» How to complete this task
Print only the lines below, from the very first to the one containing "Mid-Century Inspired Yellow", exactly as they stand. Do not print pictures.

» Exercise data
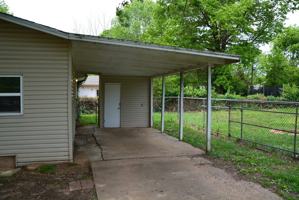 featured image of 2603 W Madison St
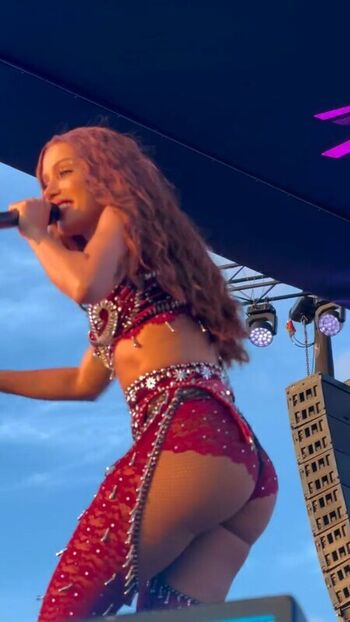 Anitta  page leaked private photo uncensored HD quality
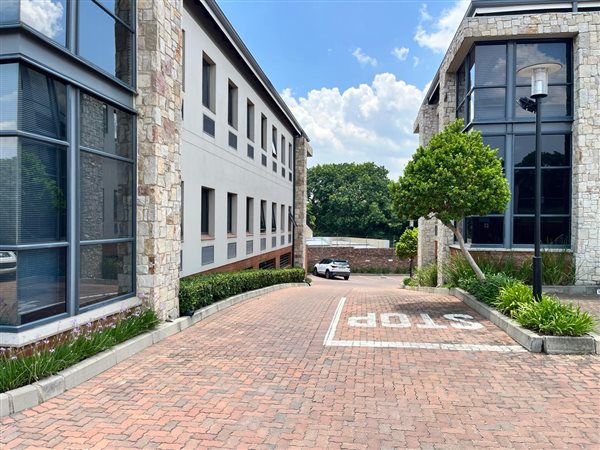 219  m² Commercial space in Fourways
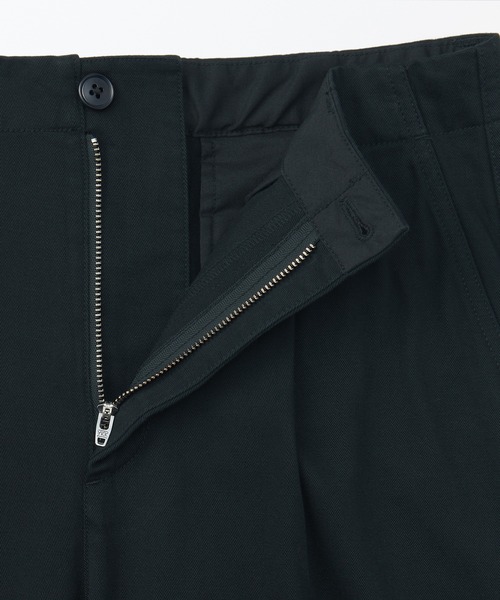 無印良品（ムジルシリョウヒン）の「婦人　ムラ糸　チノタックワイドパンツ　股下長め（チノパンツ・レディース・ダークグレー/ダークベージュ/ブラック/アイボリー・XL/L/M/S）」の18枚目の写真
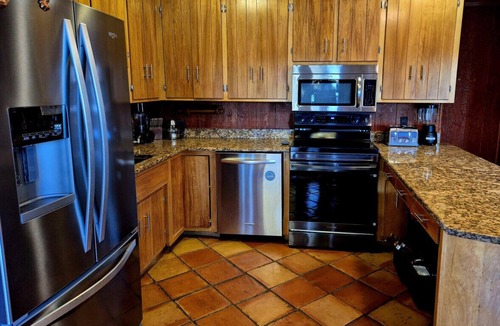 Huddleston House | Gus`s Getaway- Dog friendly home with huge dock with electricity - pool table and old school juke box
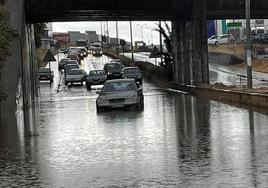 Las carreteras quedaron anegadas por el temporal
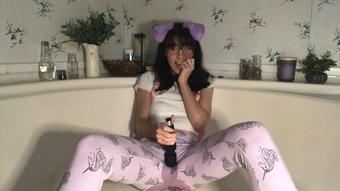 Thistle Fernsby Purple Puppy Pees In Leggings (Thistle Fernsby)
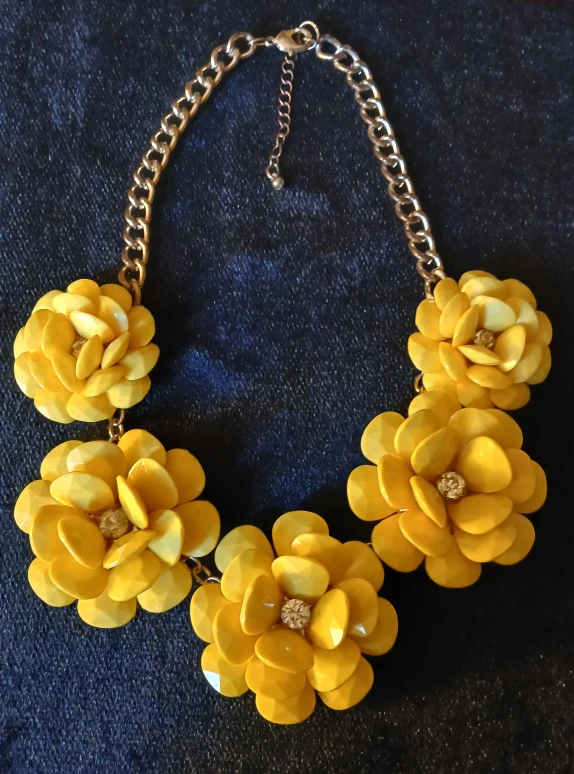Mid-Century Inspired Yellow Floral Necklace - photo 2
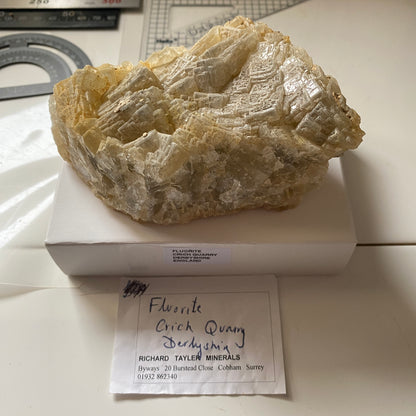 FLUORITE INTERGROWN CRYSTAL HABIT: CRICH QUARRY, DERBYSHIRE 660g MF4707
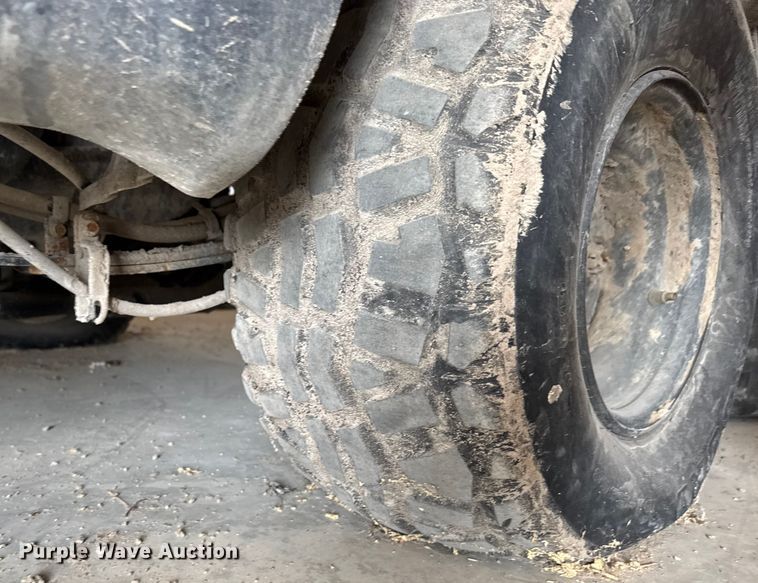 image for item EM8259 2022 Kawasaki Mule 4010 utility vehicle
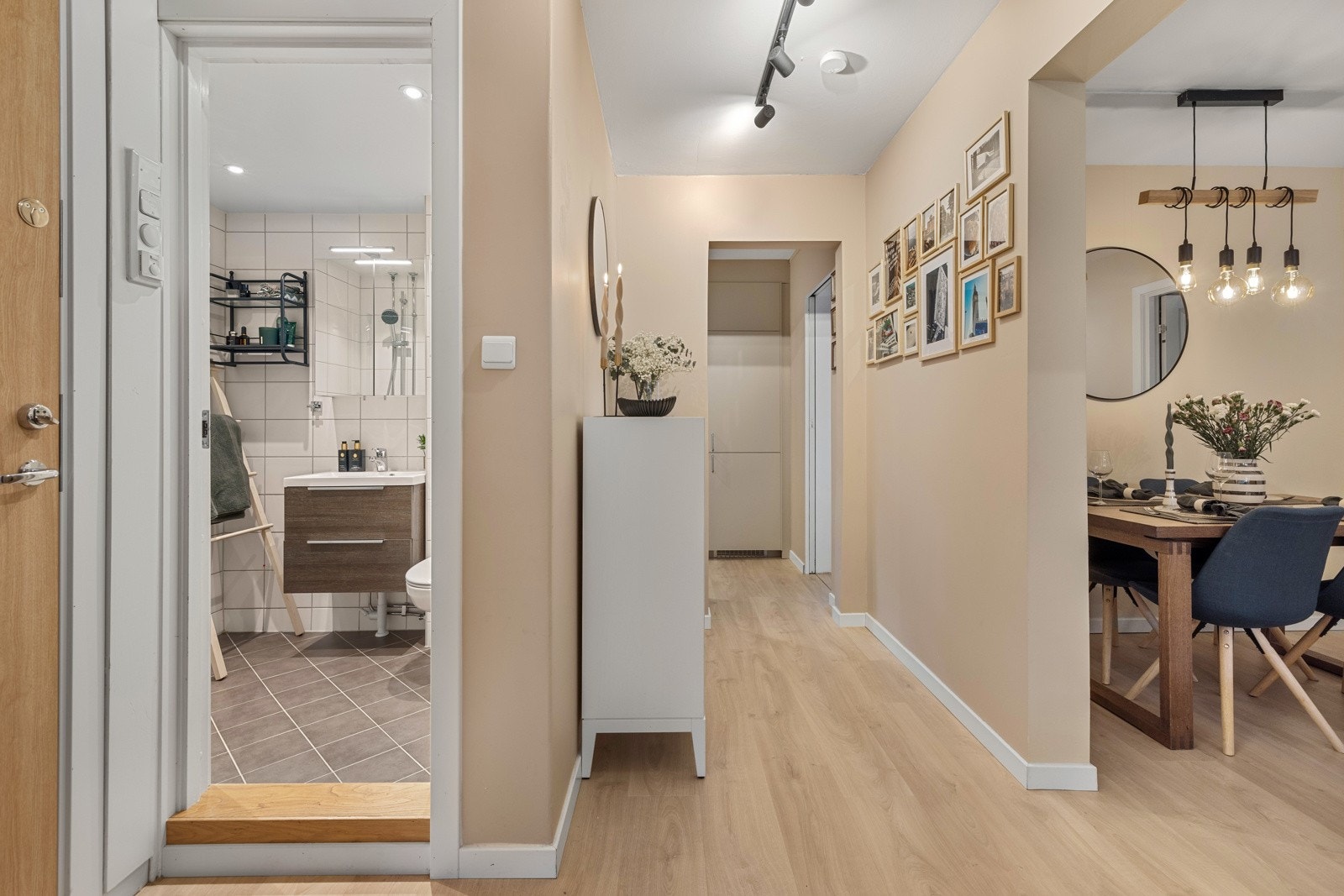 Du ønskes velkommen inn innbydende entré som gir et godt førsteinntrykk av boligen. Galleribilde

» Answer section
 featured image of 2603 W Madison St
 Anitta  page leaked private photo uncensored HD quality
 219  m² Commercial space in Fourways
 無印良品（ムジルシリョウヒン）の「婦人　ムラ糸　チノタックワイドパンツ　股下長め（チノパンツ・レディース・ダークグレー/ダークベージュ/ブラック/アイボリー・XL/L/M/S）」の18枚目の写真
 Huddleston House | Gus`s Getaway- Dog friendly home with huge dock with electricity - pool table and old school juke box
 Las carreteras quedaron anegadas por el temporal
 Thistle Fernsby Purple Puppy Pees In Leggings (Thistle Fernsby)
Mid-Century Inspired Yellow Floral Necklace - photo 2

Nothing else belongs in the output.